Could you copy exactly the lines from the one containing "Veduta Alpina Oil Painting - Franz Brenner" through the last line of the records, leaving out every picture?

Image-text web data:
┄┄┄┄┄┄┄┄┄┄┄┄┄┄┄┄┄┄┄┄
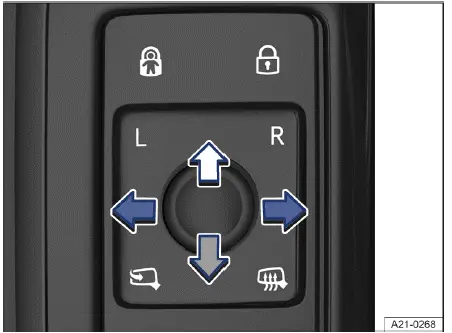 Volkswagen ID.4 - Fig. 1 In the driver door: knob for the outside mirrors.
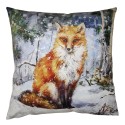 Clayre & Eef Kussenhoes  45x45 cm Bruin Blauw Polyester Vos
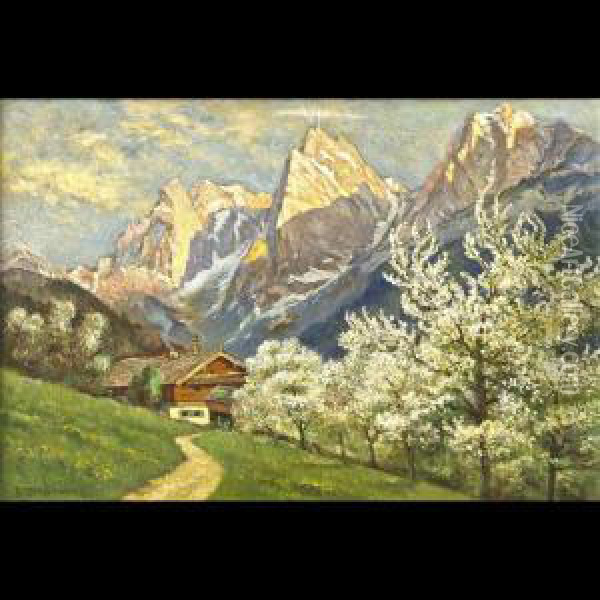 Veduta Alpina Oil Painting - Franz Brenner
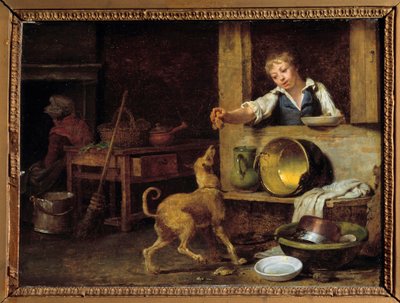 Kücheninterieur. Eine junge Dienerin gibt dem Hund die Reste. Gemälde von Martin Drolling (1752-1817) 19. Jahrhundert. Orléans, Museum der Schönen Künste von Martin Drölling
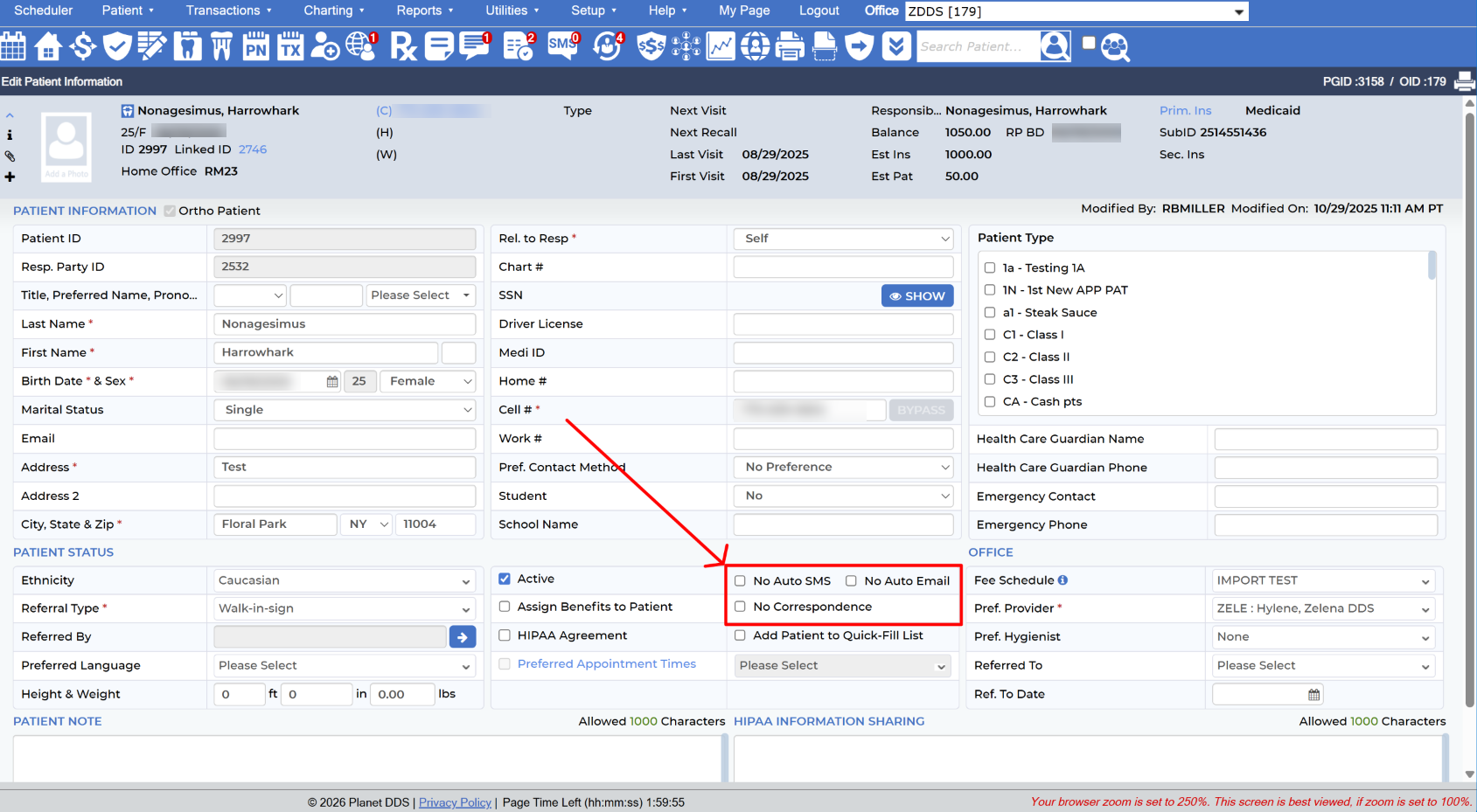 Edit Patient Information page, “No Auto SMS”, “No Auto Email”, and “No Correspondence” are highlighted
┄┄┄┄┄┄┄┄┄┄┄┄┄┄┄┄┄┄┄┄
→ RESPONSE BOX:
 Veduta Alpina Oil Painting - Franz Brenner
 Kücheninterieur. Eine junge Dienerin gibt dem Hund die Reste. Gemälde von Martin Drolling (1752-1817) 19. Jahrhundert. Orléans, Museum der Schönen Künste von Martin Drölling
 Edit Patient Information page, “No Auto SMS”, “No Auto Email”, and “No Correspondence” are highlighted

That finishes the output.